Meski belum terjadi pertumbukan besar dalam kontestasi Pilpres, tapi penetapan cawapres kali ini memang berbeda dengan pilpres yang sudah-sudah. Permainan terkesan alot, tapi minta ampun Super Elastis Menggemaskan. Anies dan Nasdem yang mencapreskannya sebagai contoh. Betapa banyak diksi politik yang dipakai antara memilih AHY atau cawapres yang diusung PKS, atau malah cawapres alternatif yang mungkin punya efek besar terhadap suara pemilih, misalnya mencawapreskan Yenny Wahid, atau Soesi Pudjiastuti dst. Tapi sejauh ini Nasdem dan Anies belum bisa mengambil keputusan untuk itu. Begitu juga dengan Prabowo Soebianto dan Ganjar Pranowo. Malah yang terjadi adalah saling kunjung antar capres, dan bukannya segera menentukan cawapres yang bakal mendampinginya.

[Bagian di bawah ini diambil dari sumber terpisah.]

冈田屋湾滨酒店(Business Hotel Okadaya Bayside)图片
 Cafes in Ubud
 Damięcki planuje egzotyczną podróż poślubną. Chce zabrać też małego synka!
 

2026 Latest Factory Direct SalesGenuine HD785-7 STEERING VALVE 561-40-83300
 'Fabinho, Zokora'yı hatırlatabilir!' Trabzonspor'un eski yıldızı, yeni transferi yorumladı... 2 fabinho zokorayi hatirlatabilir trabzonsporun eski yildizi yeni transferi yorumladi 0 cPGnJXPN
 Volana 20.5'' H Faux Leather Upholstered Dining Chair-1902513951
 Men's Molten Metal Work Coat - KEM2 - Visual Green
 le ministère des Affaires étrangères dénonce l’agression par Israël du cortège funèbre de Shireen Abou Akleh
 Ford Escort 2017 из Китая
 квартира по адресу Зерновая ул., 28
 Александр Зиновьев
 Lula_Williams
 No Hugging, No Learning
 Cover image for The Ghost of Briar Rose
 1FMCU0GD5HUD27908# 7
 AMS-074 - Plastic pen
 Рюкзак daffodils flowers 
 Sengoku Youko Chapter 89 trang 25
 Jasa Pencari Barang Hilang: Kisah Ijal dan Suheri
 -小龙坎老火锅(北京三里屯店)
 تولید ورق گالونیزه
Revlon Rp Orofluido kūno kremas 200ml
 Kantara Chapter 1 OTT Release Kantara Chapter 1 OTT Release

Ini semua bukan sekadar melamban begitu saja. Tetapi kunci utama disini adalah Presiden Jokowi sendiri. Jokowi menjadi faktor kunci setelah Bung Karno. Dengan kata lain, Jokowi adalah tokoh nasional kedua yang mampu memancarkan aura yang mampu menghipnotis publik luas. Ini bukan neo-feodalisme yang banyak dituduhkan barat. Tidak. Jokowi adalah role model dalam Sistem Demokrasi Pancasila now. Kepemimpinannya yang teduh, kemampuannya mengeksekusi sebuah kebijakan strategis dan kedekatannya kepada wong cilik tanpa harus menghardik semua lawan politiknya yang diwakili para buzzers bermulut tajam seperti Rocky Gerung dan Refly Harun misalnya. Itu semua telah menaikkan pamornya di pentas nasional maupun internasional. Tak heran tingkat kepuasan rakyat mencapai kl 80%. Ini sungguh fantastis, bahkan telah memecahkan rekor kepemimpinan nasional mulai dari Habibie hingga Esbeye.
Tak heran semua capres sibuk mengintai kemana langkah Jokowi berikutnya setelah belum lama ini seakan-akan mendukung Prabowo. Mereka sadar, kemana Jokowi melangkah, maka jejak langkahnya pasti berpengaruh sangat besar terhadap capres yang berada di jejak langkah itu.
Exposure dan/atau hipnotisme inilah yang membuat pengusungan cawapres ketiga capres definitif itu jadi agak tersendat. Pilah-pilihnya terkesan alot sekaligus super elastis, karena terpaku pada langkah Presiden dalam mengakhiri masa kekuasaannya pada Oktober 2024 yad. Jelas marketing politik disini gugur tak berdaya melawan pesona seorang Jokowi.